13 October 2015

A thank-you note, naturally

This was first published in the ‘Daily News’, October 12, 2009.  The following day my mother passed away.  She was a giver, her students and almost everyone who was blessed to be her friend would agree. 
There are those who write and those who read. I write and read. Some who do not write, but read, write to me now and then, making a comment, disputing a claim, inquiring after my health and sometimes even insisting that I should write about something that is important to them.
So I have a small readers’ club of sorts, all connected via email to me but not necessarily to one another. I enjoy communicating with this ‘club’. I appreciate all. I have my preferences though. I am not fan of everyone. I am a big fan of an old lady.

Yesterday she sent me a short email: ‘I just read this in my evening prayer book: “If the only prayer you ever say in your entire life is ‘thank you’, it will be enough.”’

I thought it was from the Bible. I did a quick search and came across a man I had never heard of. Eckhart von Hochheim. He was commonly known as Meister Eckhard. He was a German theologian, philosopher and mystic who was born in 1260 and died in 1327 of the modern era.

Wikipedia has it that Meister Eckhart had come into prominence during the decadent Avignon Papacy when there was tension between the Franciscans and Eckhart’s Dominican Order of Friars and Preachers. He was tried as a heretic by Pope John XXII. He died before verdict was issued subsequent to a trail which he made memorable with his reasoned arguments.

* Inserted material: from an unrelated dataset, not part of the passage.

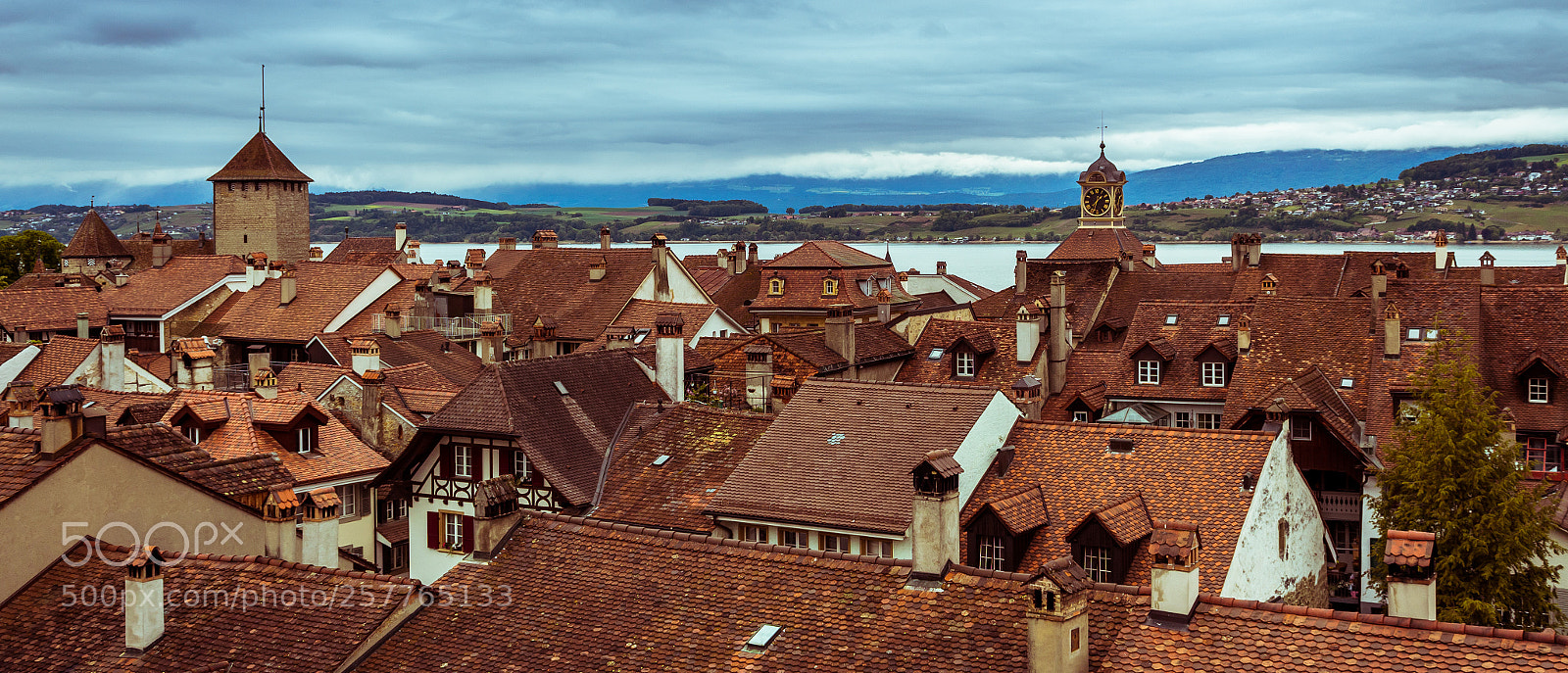 Canon EOS 1300D (EOS Rebel T6 / EOS Kiss X80) sample photo. Morat by the roofs photography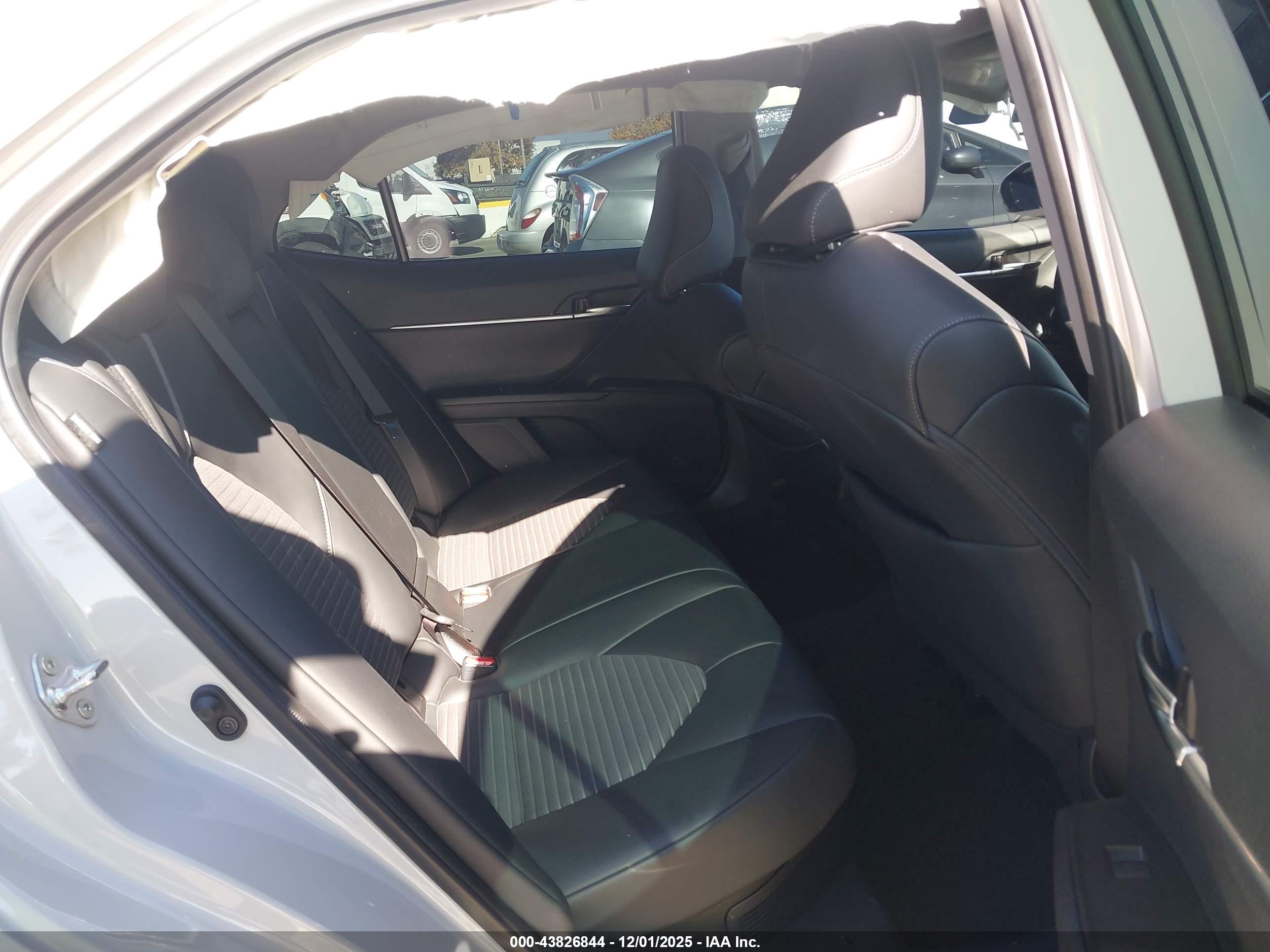 TOYOTA CAMRY image 8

The 19th Century philosopher Schopenhauer compared Eckhart’s views to the teachings of Indian, Christian and Islamic mystics and ascetics while some assert that Eckhart’s sermons closely approach Buddhist thought, according to renowned translator of Buddhist texts, “so closely indeed, that one could stamp them almost definitely as coming out of Buddhist speculations”.

All that is stuff for academics and theologians. What was important is the ‘thank you’.

It occurred to me that we expend more energy in complaining than in being thankful. It is not that we need to keep thanking people and being thankful for what we have, either to a divine entity or circumstances or the contribution of people known and unknown, deliberate or not. The point is that we hardly ever stop to reflect on gratitude or reasons for thankfulness.
I asked myself some questions.

When did you last reflect on the things your father did to make you who you are? When did you remember what your mother did for you? Did you remember your teachers? What has the fact of being born in this beautiful land given you and if there has been some benefit, have you been thankful, have you showed gratitude to land and man/woman?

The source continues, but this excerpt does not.